Egypt’s Foreign Minister Sameh Shoukry met with Saudi King Salman bin Abdulaziz Monday night in Mecca, following the funeral of Prince Saud Al-Faisal, the world’s longest serving foreign minister.
Prince Saud, who died on Thursday, was replaced by diplomat Adel Al-Jubeir, owing to health complications in April after 40 years of representing the Kingdom abroad. Prince Saud’s period as foreign minister saw Saudi Arabia become an influential international state and numerous regional conflicts.

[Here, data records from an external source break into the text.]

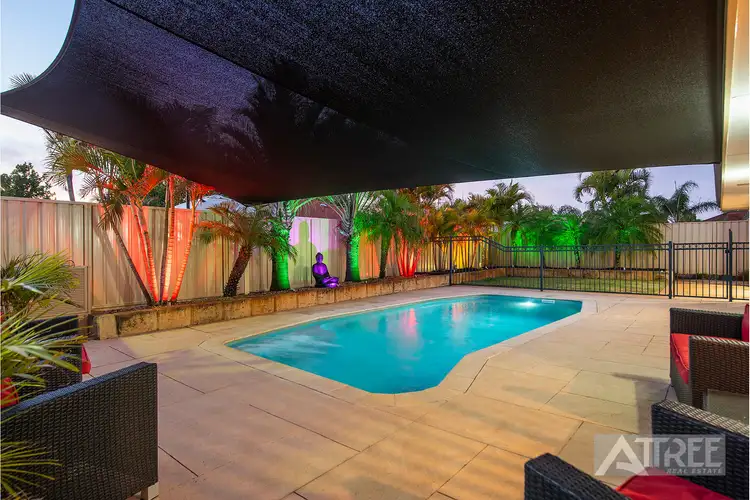 Second view of Homely house listing, 24 Bremner Circle, Canning Vale WA 6155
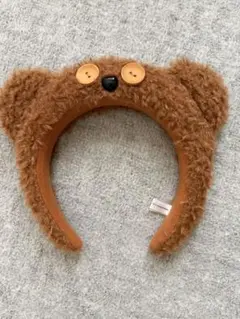 ユニバ　ティム　カチューシャ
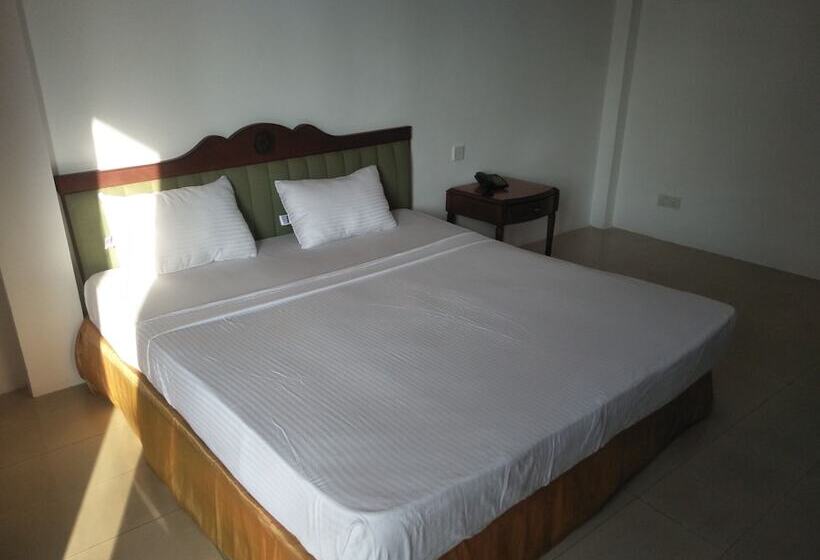 Номер Economy, Airport Hotel Dream Paradise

Speaking on Monday to King Salman, Shoukry expressed “his deep sympathy and condolences, and those of President Al-Sisi, the Egyptian government and people”. Shoukry also praised Saud’s role as a defender of Islam and the Arab people, according to a ministry handout. King Salman expressed appreciation for Egypt’s expression of condolences, and said that his country stands by Egypt in “the fight against terrorism, in their brotherly relations, and asked God to protect Egypt from evil”.
Following Sunday’s funeral, Shoukry also met Al-Jubeir and spoke of increasing attention to the conflicts in Yemen, Syria, Iraq and Libya after the festival of Eid.
Shoukry also participated, alongside other Arab foreign ministers, in funeral prayers on Saturday after Prince Saud’s death. Shoukry said: “The Egyptian people will never forget [Saud’s] remarkable support and assistance to Egypt and to the issues of the Arab peoples over the last four decades…the great Egyptian people will not forget his position in support of June 30,” referring to the 2013 Egyptian regime change.
President Abdel Fattah Al-Sisi’s administration owes much to the Saudi kingdom. After the overthrow of Muslim Brotherhood-affiliated president Mohamed Morsi, Egypt’s tumultuous economy was kept afloat with billions of dollars of GCC support, with Saudi Arabia the chief player leading the rally.
Two days after the bloody clearances of pro-Muslim Brotherhood sit-ins in August 2013 when over 600 protesters were killed by the security forces, King Abdullah came to the defence of Egypt’s military leadership. At the time, King Abdullah said: “The Kingdom of Saudi Arabia, its people and government stood and stands by today with its brothers in Egypt against terrorism.”
Saudi Arabia pledged $5bn in cash, deposits and oil products days after the Egyptian army returned to power in July 2013. Then, following Al-Sisi’s presidential victory, a conference of donor countries occurred to finance over $60bn worth of projects in Egypt.
Egypt is a member of the Saudi-led coalition fighting Shi’a Houthi rebels in war-torn Yemen since March, the coalition has continued to launch airstrikes across the country despite a UN-proposed truce for June. The UN reported that over 21 million people in Yemen require humanitarian assistance because of the conflict, around 80% of the population. In January, after the death of Salman’s predecessor King Abdullah, Al-Sisi instated an unprecedented seven days of national mourning.
Later, in June, a vast tranche of cables from the Saudi Arabian foreign ministry were leaked online that showed the country offered Egypt’s Muslim Brotherhood government in 2012 some $10bn to release ousted president Hosni Mubarak.
However, Prince Saud had also at times rebuked Egypt. During an Arab League meeting in March this year, he objected to President Al-Sisi’s decision to allow a letter from Russian President Vladimir Putin to be read out. In the letter, President Putin said he would support peaceful resolutions to problems in the Arab world “without external influence”. However, the Saudi Foreign Minister said Russian President Vladimir Putin spoke of the Syrian tragedy while being “an essential part of the tragedies” by arming the Syrian regime’s army “above and beyond what it needs”.